“Nothing. He was reading the current number of the Penny Novelist. Over two hundred thousand people buy it. He is one of them. He told me so. When he had done with it, he drew from his pocket a copy of the Halfpenny Joker—they guarantee a circulation of seventy thousand. He sat and chuckled over it until we got to Bow.”
“But—”
“You wait a minute. I’m coming to the explanation. That boy represents the reading public. I talked to him. The papers he likes best are the papers that have the largest sales. He never made a single mistake. The others—those of them he had seen—he dismissed as ‘rot.’ What he likes is what the great mass of the journal-buying public likes. Please him—I took his name and address, and he is willing to come to us for eight shillings a week—and you please the people that buy. Not the people that glance through a paper when it is lying on the smoking-room table, and tell you it is damned good, but the people that plank down their penny. That’s the sort we want.”
Peter Hope, able editor, with ideals, was shocked—indignant. William Clodd, business man, without ideals, talked figures.

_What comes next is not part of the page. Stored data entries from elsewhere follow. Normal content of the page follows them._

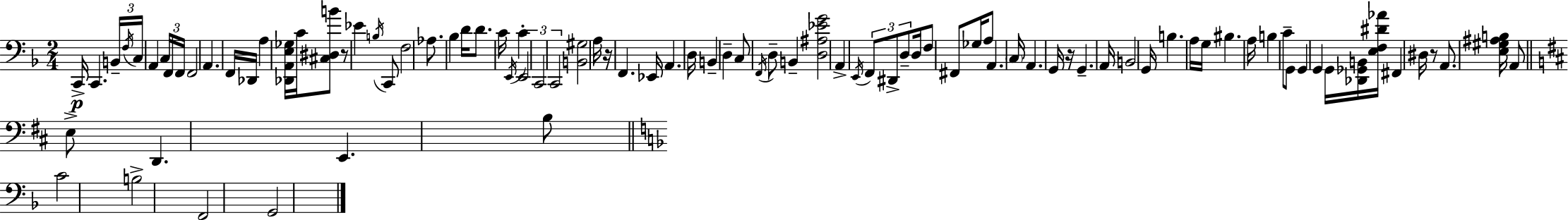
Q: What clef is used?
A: bass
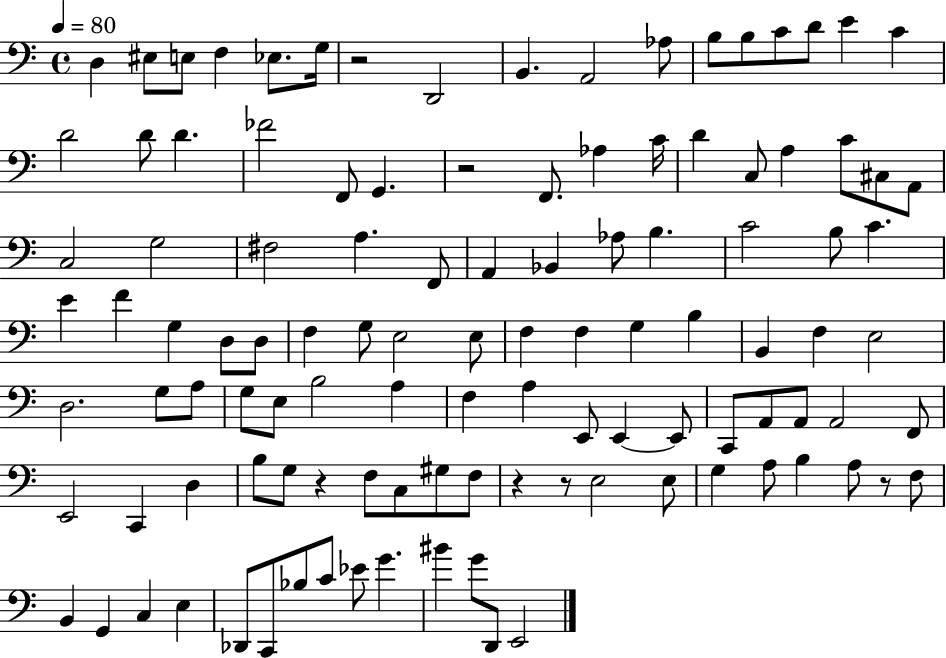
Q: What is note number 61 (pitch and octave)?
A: G3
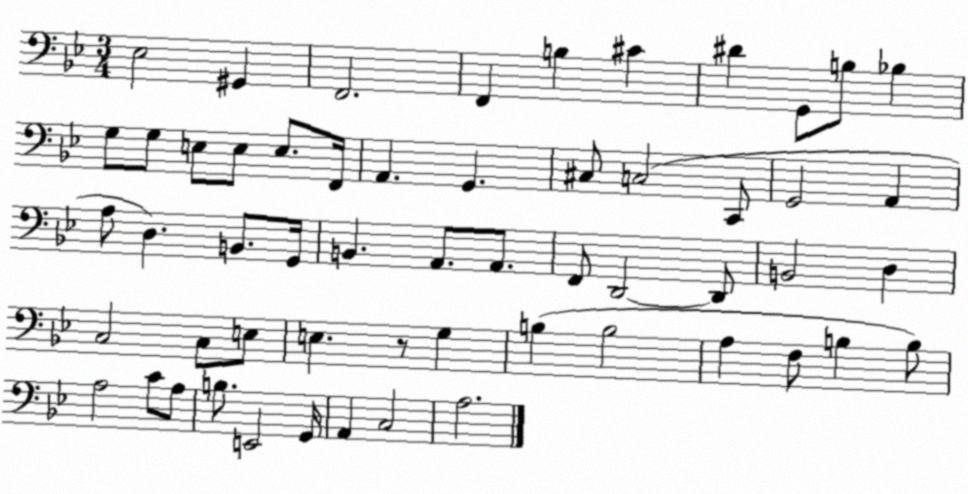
X:1
T:Untitled
M:3/4
L:1/4
K:Bb
_E,2 ^G,, F,,2 F,, B, ^C ^D G,,/2 B,/2 _B, G,/2 G,/2 E,/2 E,/2 E,/2 F,,/4 A,, G,, ^C,/2 C,2 C,,/2 G,,2 A,, A,/2 D, B,,/2 G,,/4 B,, A,,/2 A,,/2 F,,/2 D,,2 D,,/2 B,,2 D, C,2 C,/2 E,/2 E, z/2 G, B, B,2 A, F,/2 B, B,/2 A,2 C/2 A,/2 B,/2 E,,2 G,,/4 A,, C,2 A,2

“There’s the advertiser to be thought of,” persisted Clodd. “I don’t pretend to be a George Washington, but what’s the use of telling lies that sound like lies, even to one’s self while one’s telling them? Give me a genuine sale of twenty thousand, and I’ll undertake, without committing myself, to convey an impression of forty. But when the actual figures are under eight thousand—well, it hampers you, if you happen to have a conscience.
“Give them every week a dozen columns of good, sound literature,” continued Clodd insinuatingly, “but wrap it up in twenty-four columns of jam. It’s the only way they’ll take it, and you will be doing them good—educating them without their knowing it. All powder and no jam! Well, they don’t open their mouths, that’s all.”
Clodd was a man who knew how to get his way. Flipp—spelled Philip—Tweetel arrived in due course of time at 23, Crane Court, ostensibly to take up the position of Good Humour’s office-boy; in reality, and without his being aware of it, to act as its literary taster. Stories in which Flipp became absorbed were accepted. Peter groaned, but contented himself with correcting only their grosser grammatical blunders; the experiment should be tried in all good faith. Humour at which Flipp laughed was printed. Peter tried to ease his conscience by increasing his subscription to the fund for destitute compositors, but only partially succeeded. Poetry that brought a tear to the eye of Flipp was given leaded type. People of taste and judgment said Good Humour had disappointed them. Its circulation, slowly but steadily, increased.
“See!” cried the delighted Clodd; “told you so!”
“It’s sad to think—” began Peter.
“Always is,” interrupted Clodd cheerfully. “Moral—don’t think too much.”